Here’s what I mean: Try typing “dog beds” into the search box on Amazon. You might assume that Amazon will show you what it considers to be the very best dog beds. But actually the first options you’ll see are most likely from companies that paid Amazon to appear directly in front of your eyeballs. They’re advertisements in semi-disguise. Amazon tags these listings as “sponsored,” and once you start to notice them you realize that these advertised products are everywhere.
Apple does this, too. Try searching for “fitness” in the iPhone app store. The first option might be a workout app that appears in a shaded blue box. Again, it’s an ad. (Android app stores tend to do this, too.)

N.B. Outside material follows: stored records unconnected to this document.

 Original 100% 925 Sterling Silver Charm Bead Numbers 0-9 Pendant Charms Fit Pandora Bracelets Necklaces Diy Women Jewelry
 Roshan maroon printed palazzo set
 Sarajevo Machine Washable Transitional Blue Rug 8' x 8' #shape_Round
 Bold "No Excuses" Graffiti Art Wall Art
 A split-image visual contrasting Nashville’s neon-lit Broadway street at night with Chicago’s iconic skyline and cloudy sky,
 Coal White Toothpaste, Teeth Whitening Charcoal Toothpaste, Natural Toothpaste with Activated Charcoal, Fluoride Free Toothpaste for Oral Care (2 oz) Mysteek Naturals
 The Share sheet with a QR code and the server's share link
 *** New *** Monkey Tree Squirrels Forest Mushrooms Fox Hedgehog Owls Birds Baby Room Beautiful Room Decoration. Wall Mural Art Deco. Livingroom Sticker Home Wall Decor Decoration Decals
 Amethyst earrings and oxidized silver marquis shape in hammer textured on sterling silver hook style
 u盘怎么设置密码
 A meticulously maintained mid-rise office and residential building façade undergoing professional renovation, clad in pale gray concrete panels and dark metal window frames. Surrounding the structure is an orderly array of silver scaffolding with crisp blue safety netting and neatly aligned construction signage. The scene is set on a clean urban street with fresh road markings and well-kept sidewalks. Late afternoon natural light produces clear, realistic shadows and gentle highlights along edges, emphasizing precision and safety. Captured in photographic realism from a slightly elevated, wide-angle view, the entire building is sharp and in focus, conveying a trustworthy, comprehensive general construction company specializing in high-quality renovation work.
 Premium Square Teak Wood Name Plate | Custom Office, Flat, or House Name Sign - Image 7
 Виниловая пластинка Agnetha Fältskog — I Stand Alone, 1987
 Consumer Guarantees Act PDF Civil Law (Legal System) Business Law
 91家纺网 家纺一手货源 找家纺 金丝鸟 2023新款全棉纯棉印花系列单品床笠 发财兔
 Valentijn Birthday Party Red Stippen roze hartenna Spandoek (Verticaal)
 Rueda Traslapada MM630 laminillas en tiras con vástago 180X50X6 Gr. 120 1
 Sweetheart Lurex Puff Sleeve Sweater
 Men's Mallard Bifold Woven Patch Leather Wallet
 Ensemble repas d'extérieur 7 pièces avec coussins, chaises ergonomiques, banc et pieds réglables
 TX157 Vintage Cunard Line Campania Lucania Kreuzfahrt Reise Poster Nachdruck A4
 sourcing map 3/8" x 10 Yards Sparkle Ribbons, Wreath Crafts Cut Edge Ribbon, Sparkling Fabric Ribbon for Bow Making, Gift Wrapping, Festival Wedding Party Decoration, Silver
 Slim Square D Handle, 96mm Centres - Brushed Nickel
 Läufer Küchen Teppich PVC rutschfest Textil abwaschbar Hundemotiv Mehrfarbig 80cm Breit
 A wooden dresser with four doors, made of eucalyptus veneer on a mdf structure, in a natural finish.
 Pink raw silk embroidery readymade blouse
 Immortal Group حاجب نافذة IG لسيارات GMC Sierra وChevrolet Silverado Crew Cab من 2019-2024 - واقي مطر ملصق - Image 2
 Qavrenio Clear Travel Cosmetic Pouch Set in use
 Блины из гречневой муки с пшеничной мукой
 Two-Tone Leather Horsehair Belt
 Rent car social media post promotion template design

Amazon and Apple preach their obsession with doing the best things for customers, but these advertising businesses aren’t really about us at all.
Advertising is not unusual or necessarily bad. The New York Times and many other reputable companies make money from ads. But I’d argue that what Apple and Amazon are doing is different from almost all other advertising.
Google, Facebook and The Times don’t usually show you ads and sell you the advertised product. The dog bed company pays Amazon to make sure that its products are listed prominently so that people will buy them from Amazon.
In the companies’ defense, there are some other advertising businesses that are also closed loops. Kellogg’s might pay the supermarket to make sure that its cereal boxes are at eye level on the store shelf. That’s similar to what Apple and Amazon do. (Though the supermarket is not valued at more than $1.5 trillion, as both Apple and Amazon are.)
When companies pay Amazon and Apple to get noticed, that likely trickles down in the form of higher product or app prices for us. You might say that all advertising is annoying and a tax on consumers. But on Apple and Amazon, we’re there to pay for…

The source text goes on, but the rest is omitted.